Crypto mining and data centres are two sides of the same coin when it comes to energy use and management – but the similarity divides.
Crypto mining operations and data centres are both in essence banks of IT systems – energy hungry with the demand for round-the-clock computation and the necessary cooling.
But whereas data centres are considered necessary with the move towards cloud solutions and services, crypto mining and Bitcoin mining, in particular, has attracted a mixed reaction, particularly from policymakers concerned about the limited wider benefits.
As calls have been made for restrictions, including bans – for example, from authorities in Sweden – crypto miners have fought back with a range of measures they are taking, as are data centres, to shore up their ‘green’ credentials and demonstrate a more sustainable approach on a voluntary basis.

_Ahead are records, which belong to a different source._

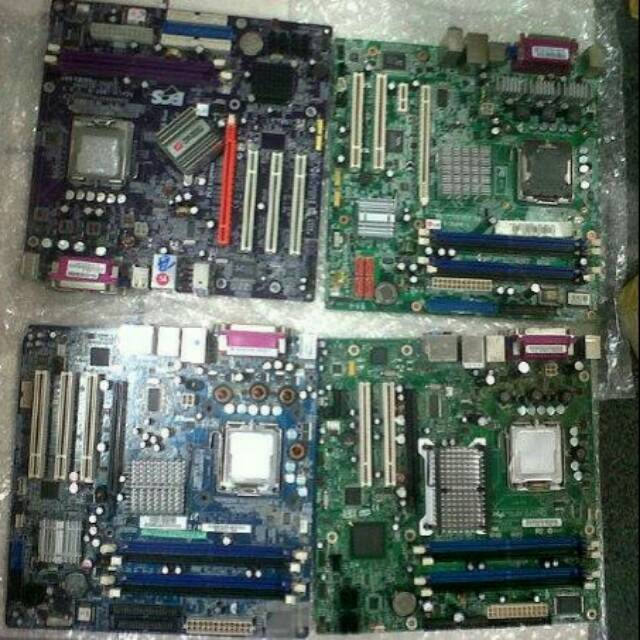Jual Mainboard motherboard LGA 775 | Shopee Indonesia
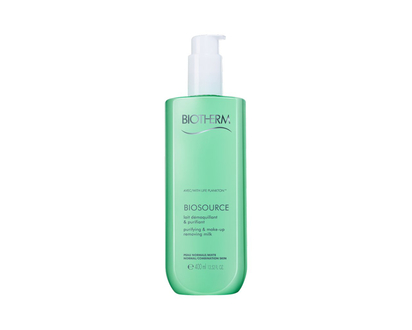 BIOTHERM BIOSOURCE MILK NCS 400ML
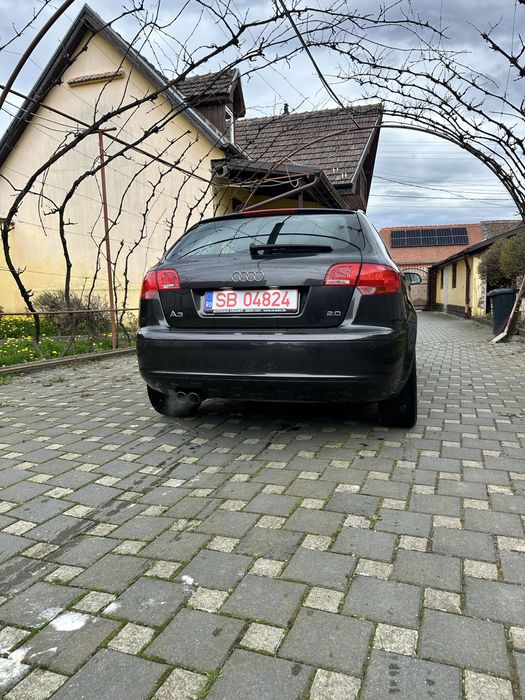 AUDI A3 2005 — imagine 2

The most obvious and potentially easiest option is to power mining with renewable energies. In its latest report, the Bitcoin Mining Council estimates that by the end of Q2 of 2022 the Bitcoin mining sustainable electricity mix had increased to almost 60% globally, with a 6% increase over the past year.
The Council, a voluntary global forum, claims its data on which this figure is based now covers over half of the global Bitcoin network, with the members and other participants in its survey achieving a two-thirds sustainable power mix.
With this data, the Council claims Bitcoin mining is “one of the most sustainable industries globally”.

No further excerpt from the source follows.